Gone are the days when youthful start-ups could hang an airplane wing from the ceiling to signal serious innovation to come. Huge corporations are finding that over-the-top headquarters (generally with less space for individual workstations) reek of excess and greed rather than global aspirations.

"Workplace design is quickly getting realistic," says Ed Friedrichs, chief executive of the global architecture and design company Gensler. Writing in the latest issue of the company magazine Dialogue, he adds, "While the New Economy was all about speed and how to harness technology to win the race, now it's about understanding the pace at which people really work and the nature of collaboration."

He has coined a new design mantra: enlightened realism. Innovators, he says, will be focused "on the potential of people rather than experimentation for its own sake."

During the office boom, top-notch design companies such as HermanMiller and Knoll rushed to supply novel furnishings with each new burst from the new economy.

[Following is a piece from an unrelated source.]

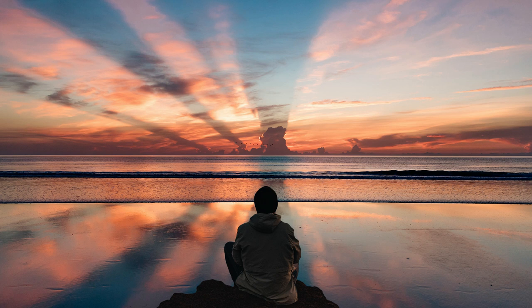When you're ready, start to imagine your ideal day. This is how you want your day to look — just your perfect, ideal, average day. Imagine yourself waking up at whatever time you want. Maybe there's an alarm, maybe there's no alarm. Imagine yourself waking up feeling rested, excited, engaged, ready for your day.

Resolve no doubt sparked Knoll's new A3 system, which was not launched until this year. It was designed by the high-profile firm

Asymptote as a system of curving, cloudlike fabric enclosures. The company's sales pitch clearly was written for the era just past: "for breaking the mold and opening minds, for quick moves and staying light on your feet, for late nights and great ideas, for brainstorms and broad minds ..."

Resolve began with equally grand goals. Birsel, founder of the Olive 1:1 studio in New York, began her research at the most impersonal of spaces, a phone bank. Mortified by the sight of shift workers plugged into headsets and stationed at computer monitors for hours on end, she resolved to combat alienation through human-centered design.

Resolve stations are based on 120-degree angles and constructed in communities of threes around a central pole. A boomerang-shaped work surface was designed to keep everything within arm's reach. Openings between hanging screens give the workers' eyes some exercise beyond the computer monitor. Translucent fabrics provide privacy without blocking views.

New York's Museum of Modern Art included Resolve in its 2001 Workspheres exhibition, as well as in its permanent collection.

Discovery Communications was among Resolve's first commercial customers. Its technology division in Silver Spring, which was designed by Gensler, has been a test site for 350 Resolve desks. They fit right into the company's edgy interior of corrugated tin and frosted glass. "We felt it was cutting-edge," says Karen Kiley, Discovery's director of administration. "It's important that our people are happy with what they're in."

Kiley's words ring true for Madeline Burke-Vigeland, director of Gensler's Workplace Studio in New York. After World Trade Center attack, she says, displaced workers operated valiantly from makeshift or borrowed offices (including hers) and hotel rooms.

"Prior to 9/11, people thought they could be anywhere," she says. Afterward, "they realized how essential it is to be with others."